_Activity_
Please print every line from the one containing "на платформе SharePoint" through the last line of the records below, exactly as written and nothing more.

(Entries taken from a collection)
»»

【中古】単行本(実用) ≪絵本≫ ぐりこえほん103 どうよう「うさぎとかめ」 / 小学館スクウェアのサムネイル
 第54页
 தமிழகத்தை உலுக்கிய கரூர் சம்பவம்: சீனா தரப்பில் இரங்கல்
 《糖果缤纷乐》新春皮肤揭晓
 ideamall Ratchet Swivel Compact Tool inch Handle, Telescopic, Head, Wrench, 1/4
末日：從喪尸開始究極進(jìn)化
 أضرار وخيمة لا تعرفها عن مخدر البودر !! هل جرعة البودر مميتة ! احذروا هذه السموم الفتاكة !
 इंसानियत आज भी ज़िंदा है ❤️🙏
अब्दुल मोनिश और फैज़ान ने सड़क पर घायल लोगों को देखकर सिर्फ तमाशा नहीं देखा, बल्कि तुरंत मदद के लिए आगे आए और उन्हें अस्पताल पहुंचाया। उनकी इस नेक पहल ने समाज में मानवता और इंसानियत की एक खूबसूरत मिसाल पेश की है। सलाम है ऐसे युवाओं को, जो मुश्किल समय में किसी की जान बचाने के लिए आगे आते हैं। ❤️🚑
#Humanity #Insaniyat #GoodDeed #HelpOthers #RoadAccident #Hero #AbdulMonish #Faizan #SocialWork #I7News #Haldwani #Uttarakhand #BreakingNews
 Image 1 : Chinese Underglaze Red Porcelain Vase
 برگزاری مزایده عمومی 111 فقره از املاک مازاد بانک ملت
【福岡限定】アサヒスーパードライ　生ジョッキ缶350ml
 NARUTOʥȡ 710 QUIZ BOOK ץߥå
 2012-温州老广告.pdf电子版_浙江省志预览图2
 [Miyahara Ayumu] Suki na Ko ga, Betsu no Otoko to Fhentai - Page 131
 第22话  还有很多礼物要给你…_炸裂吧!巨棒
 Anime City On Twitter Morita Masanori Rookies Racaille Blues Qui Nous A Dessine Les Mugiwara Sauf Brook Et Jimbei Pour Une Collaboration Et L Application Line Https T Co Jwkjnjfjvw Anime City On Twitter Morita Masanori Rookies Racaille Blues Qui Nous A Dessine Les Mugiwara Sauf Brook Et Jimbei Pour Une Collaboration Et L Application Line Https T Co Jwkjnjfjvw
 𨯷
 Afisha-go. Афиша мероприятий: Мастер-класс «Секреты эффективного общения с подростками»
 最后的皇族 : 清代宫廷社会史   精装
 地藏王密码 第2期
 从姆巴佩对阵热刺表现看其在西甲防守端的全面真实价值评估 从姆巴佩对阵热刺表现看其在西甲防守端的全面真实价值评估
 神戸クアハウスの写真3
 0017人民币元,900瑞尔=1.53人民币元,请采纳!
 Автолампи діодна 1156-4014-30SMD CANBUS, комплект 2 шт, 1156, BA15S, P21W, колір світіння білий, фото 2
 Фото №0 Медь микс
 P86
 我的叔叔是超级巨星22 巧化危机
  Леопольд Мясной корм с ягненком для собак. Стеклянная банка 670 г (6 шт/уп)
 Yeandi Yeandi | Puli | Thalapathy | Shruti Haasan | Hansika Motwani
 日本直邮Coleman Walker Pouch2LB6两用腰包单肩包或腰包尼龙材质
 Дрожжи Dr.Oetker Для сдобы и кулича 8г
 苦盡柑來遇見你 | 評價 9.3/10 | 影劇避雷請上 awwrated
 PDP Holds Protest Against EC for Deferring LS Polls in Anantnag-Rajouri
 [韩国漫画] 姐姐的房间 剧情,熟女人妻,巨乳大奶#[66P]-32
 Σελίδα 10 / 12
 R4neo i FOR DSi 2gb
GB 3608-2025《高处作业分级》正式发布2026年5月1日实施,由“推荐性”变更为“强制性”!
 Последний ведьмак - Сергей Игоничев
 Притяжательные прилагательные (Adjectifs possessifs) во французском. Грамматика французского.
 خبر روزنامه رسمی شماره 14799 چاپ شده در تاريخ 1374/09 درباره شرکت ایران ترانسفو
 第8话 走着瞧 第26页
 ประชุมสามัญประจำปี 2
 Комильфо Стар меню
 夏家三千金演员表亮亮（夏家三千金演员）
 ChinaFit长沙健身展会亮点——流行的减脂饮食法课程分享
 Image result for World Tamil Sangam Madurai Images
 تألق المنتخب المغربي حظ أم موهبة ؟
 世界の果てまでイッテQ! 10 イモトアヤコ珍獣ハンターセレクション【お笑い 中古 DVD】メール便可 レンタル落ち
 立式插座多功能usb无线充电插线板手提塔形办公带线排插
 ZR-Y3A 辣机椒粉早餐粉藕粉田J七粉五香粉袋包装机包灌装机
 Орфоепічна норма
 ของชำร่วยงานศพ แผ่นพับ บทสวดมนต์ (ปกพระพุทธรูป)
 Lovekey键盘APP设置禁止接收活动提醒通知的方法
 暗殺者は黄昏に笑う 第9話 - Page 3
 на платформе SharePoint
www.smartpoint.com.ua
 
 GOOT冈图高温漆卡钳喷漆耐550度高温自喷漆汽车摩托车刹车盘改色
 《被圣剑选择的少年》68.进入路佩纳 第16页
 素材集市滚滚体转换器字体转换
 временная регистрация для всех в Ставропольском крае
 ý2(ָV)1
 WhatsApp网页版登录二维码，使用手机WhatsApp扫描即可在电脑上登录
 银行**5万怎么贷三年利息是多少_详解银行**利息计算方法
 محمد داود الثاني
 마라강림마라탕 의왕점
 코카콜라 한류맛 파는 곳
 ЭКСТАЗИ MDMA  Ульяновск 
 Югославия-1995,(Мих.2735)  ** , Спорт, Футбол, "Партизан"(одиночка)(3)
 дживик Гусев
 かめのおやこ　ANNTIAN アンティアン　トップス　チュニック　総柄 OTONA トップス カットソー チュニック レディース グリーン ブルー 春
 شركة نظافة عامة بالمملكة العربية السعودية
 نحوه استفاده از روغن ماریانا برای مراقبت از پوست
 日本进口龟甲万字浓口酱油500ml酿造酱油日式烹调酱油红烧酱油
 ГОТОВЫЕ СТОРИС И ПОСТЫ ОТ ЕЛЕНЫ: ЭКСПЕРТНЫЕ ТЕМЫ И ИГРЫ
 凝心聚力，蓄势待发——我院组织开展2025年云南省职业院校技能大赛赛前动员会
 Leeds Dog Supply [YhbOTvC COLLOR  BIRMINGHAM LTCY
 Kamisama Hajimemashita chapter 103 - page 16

««

_Task result_
 на платформе SharePoint
www.smartpoint.com.ua
 
 GOOT冈图高温漆卡钳喷漆耐550度高温自喷漆汽车摩托车刹车盘改色
 《被圣剑选择的少年》68.进入路佩纳 第16页
 素材集市滚滚体转换器字体转换
 временная регистрация для всех в Ставропольском крае
 ý2(ָV)1
 WhatsApp网页版登录二维码，使用手机WhatsApp扫描即可在电脑上登录
 银行**5万怎么贷三年利息是多少_详解银行**利息计算方法
 محمد داود الثاني
 마라강림마라탕 의왕점
 코카콜라 한류맛 파는 곳
 ЭКСТАЗИ MDMA  Ульяновск 
 Югославия-1995,(Мих.2735)  ** , Спорт, Футбол, "Партизан"(одиночка)(3)
 дживик Гусев
 かめのおやこ　ANNTIAN アンティアン　トップス　チュニック　総柄 OTONA トップス カットソー チュニック レディース グリーン ブルー 春
 شركة نظافة عامة بالمملكة العربية السعودية
 نحوه استفاده از روغن ماریانا برای مراقبت از پوست
 日本进口龟甲万字浓口酱油500ml酿造酱油日式烹调酱油红烧酱油
 ГОТОВЫЕ СТОРИС И ПОСТЫ ОТ ЕЛЕНЫ: ЭКСПЕРТНЫЕ ТЕМЫ И ИГРЫ
 凝心聚力，蓄势待发——我院组织开展2025年云南省职业院校技能大赛赛前动员会
 Leeds Dog Supply [YhbOTvC COLLOR  BIRMINGHAM LTCY
 Kamisama Hajimemashita chapter 103 - page 16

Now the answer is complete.